Jika penjelasan di atas benar, maka tindakan Adam menamakan isterinya merupakan tindakan iman kepada janji Allah. Pada bagian sebelumnya sudah diceritakan bahwa Allah menjanjikan masa depan melalui keturunan Hawa (3:16) dan Ia pun tidak menghilangkan kemampuan Hawa dalam melahirkan anak (3:16). Janji inilah yang dipegang oleh Adam, terlepas dari fakta bahwa ia pasti mengalami kematian (3:19).
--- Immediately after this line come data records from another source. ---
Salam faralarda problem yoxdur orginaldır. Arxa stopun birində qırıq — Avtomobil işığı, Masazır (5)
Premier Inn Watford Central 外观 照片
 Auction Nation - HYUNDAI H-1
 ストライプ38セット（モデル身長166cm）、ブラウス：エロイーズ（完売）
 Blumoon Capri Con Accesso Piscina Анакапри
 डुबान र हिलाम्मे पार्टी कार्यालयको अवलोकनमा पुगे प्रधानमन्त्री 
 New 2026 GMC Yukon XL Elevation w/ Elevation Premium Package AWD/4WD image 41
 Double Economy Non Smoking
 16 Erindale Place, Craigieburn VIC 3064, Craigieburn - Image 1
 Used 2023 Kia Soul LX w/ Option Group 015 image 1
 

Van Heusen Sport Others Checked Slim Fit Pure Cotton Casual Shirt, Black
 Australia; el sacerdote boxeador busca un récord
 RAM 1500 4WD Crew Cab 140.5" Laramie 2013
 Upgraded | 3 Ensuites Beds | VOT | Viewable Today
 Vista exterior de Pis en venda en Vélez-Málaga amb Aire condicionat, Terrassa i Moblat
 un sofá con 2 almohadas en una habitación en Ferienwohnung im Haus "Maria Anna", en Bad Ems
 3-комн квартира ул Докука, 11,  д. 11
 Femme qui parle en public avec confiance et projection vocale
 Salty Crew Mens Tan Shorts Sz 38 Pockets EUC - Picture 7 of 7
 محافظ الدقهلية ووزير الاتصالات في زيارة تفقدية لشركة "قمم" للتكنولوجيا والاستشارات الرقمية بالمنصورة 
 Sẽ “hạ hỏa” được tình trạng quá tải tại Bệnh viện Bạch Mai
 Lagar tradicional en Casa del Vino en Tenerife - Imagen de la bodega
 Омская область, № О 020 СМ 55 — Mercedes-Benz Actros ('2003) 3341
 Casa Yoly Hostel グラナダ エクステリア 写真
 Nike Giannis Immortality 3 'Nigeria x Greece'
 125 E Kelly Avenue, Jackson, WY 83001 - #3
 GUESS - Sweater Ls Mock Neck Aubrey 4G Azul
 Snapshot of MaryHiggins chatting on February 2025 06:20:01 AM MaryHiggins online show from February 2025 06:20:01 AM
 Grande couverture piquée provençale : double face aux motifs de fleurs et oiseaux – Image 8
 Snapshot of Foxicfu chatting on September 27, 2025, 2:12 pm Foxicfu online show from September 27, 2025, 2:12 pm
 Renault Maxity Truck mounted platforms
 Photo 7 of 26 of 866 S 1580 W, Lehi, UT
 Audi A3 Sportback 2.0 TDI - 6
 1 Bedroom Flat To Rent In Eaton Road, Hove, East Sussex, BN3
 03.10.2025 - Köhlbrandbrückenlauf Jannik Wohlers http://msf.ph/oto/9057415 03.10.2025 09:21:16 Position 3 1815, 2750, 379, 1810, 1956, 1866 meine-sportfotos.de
Melalui bentuk lampau ini Adam seolah-olah ingin mengatakan, “aku tidak akan mati sebelum memiliki aku banyak keturunan”. Hukuman serius yang ia terima mungkin telah memberi pelajaran sangat berharga bagi Adam bagaimana seharusnya mempercayai perkataan TUHAN secara mutlak.

Seperti sudah sempat disinggung di awal, tindakan memberikan nama yang dilakukan Adam di 3:20 bukanlah yang pertama. Sebelumnya ia sudah menamai isterinya “perempuan” (’iššâ). Kini ia disebut “Hawa” (ḥawwâ). Nama pertama menampilkan Adam sebagai sumber keberadaan Hawa (2:23b “sebab ia diambil dari laki-laki”), sedangkan nama kedua menyiratkan posisi Hawa sebagai sumber keberadaan semua keturunan Adam (3:20 “ibu dari semua yang hidup”). Saling keterkaitan dan ketergantungan ini dengan tepat dingkapkan Paulus di 1 Korintus 11:11-12 “Namun demikian, dalam Tuhan tidak ada perempuan tanpa laki-laki dan tidak ada laki-laki tanpa perempuan. Sebab sama seperti perempuan berasal dari laki-laki, demikian pula laki-laki dilahirkan oleh perempuan; dan segala sesuatu berasal dari Allah”.